Molte persone che hanno partecipato agli scioperi sono originarie del Pakistan, un’altra comunità di cui è ampiamente popolata la zona oltre a quella predominante cinese: capita spesso che a essere più sfruttati siano i richiedenti asilo, persone per cui è più difficile trovare lavoro e dunque sono costrette ad accettare condizioni pessime. Altri lavoratori che hanno scioperato provengono da Bangladesh e Afghanistan.
Coinvolgere i lavoratori con nazionalità cinese invece è più complicato: «Spesso vivono in case affittate dai loro stessi datori di lavoro, e per loro scioperare significa anche rischiare di avere problemi con la casa», spiega Caudiero. «Stiamo comunque facendo un percorso di sensibilizzazione per far capire che il sindacato è disposto a sostenere tutti i lavoratori che vogliano scioperare, indipendentemente dalla nazionalità».

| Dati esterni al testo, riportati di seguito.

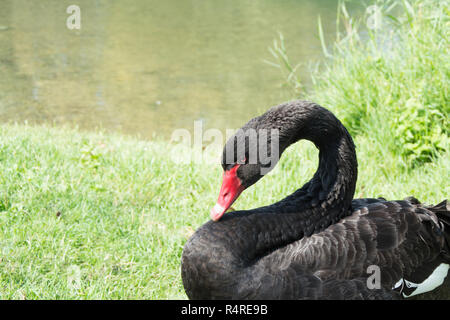 Black Swan (Cygnus) Foto Stock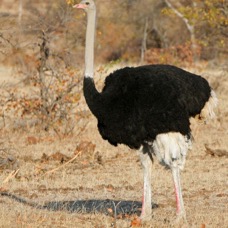 OSTRICH   COMMON male.JPG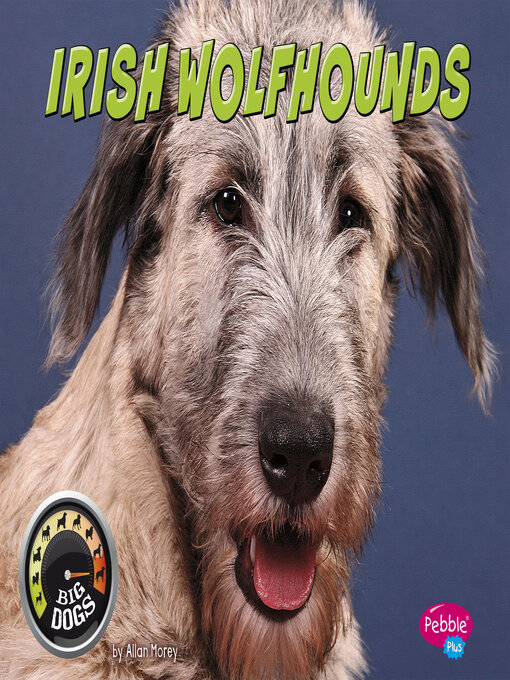Title details for Irish Wolfhounds by Allan Morey - Available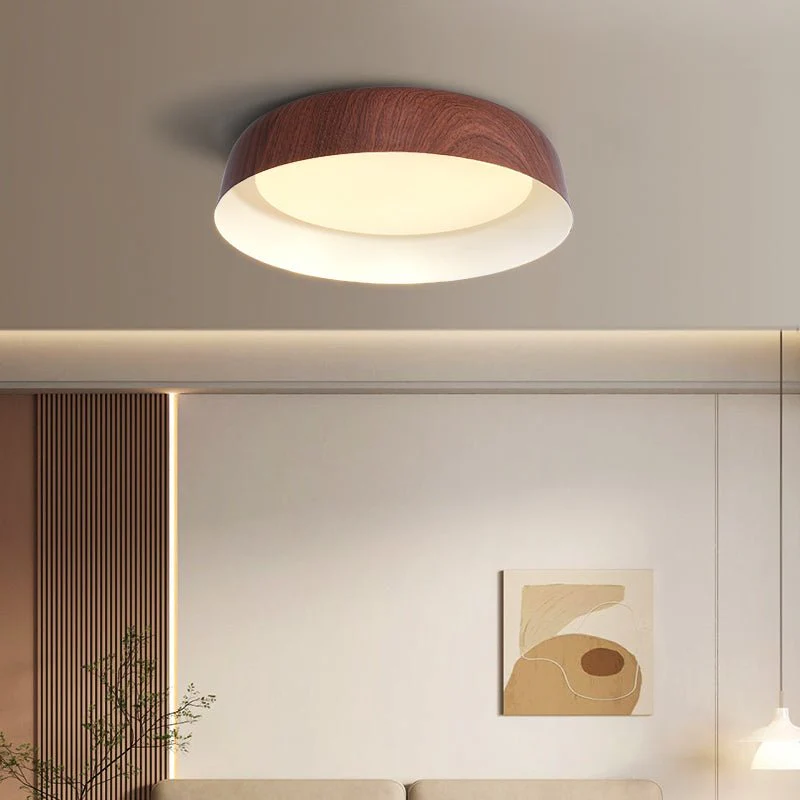 Idorara Modern Minimalist Ceiling Light - Image 16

I risultati di questi scioperi sono importanti anche perché nelle aziende del distretto tessile i controlli dell’ispettorato del lavoro sono poco risolutivi. Praticamente sempre si risolvono con sanzioni irrisorie o al massimo la regolarizzazione di alcuni lavoratori con contratti part-time. In pratica, le aziende in cui vengono riscontrate delle violazioni pagano le sanzioni ma dal giorno dopo mantengono le stesse condizioni di prima, e continuano a imporre comunque 12 ore al giorno di lavoro, tutti i giorni.
Il deterrente dei controlli non è quindi sufficiente, perché lo sfruttamento del lavoro è uno dei modi con cui queste aziende hanno continuato a guadagnare nonostante la grave crisi che ha colpito tutto il settore dell’abbigliamento negli ultimi anni.
Caudiero dice che sono aumentati i lavoratori nel distretto tessile di Prato disposti a scioperare. La cosa non è scontata anche perché a Prato è in corso la cosiddetta “guerra delle grucce”, un’espressione un po’ romanzesca usata dai giornali per indicare la lunga serie di scontri violenti tra gruppi criminali cinesi che puntano a controllare la produzione di grucce e più in generale il mercato della logistica dell’abbigliamento (quindi i trasporti e tutto ciò che serve per spostare i vestiti). Questi scontri si sono molto intensificati nell’ultimo anno, secondo la procura di Prato, che ormai da mesi parla apertamente dell’esistenza di una mafia cinese nel distretto. In questa situazione sono intimiditi, aggrediti e uccisi gli imprenditori, ma sono in pericolo anche molti lavoratori senza tutele che lavorano per loro e che quindi rischiano di essere coinvolti, per esempio, negli attacchi incendiari ai magazzini.
Il sindacato Sudd Cobas Prato Firenze sta organizzando nuovi scioperi che potrebbero iniziare tra circa due settimane.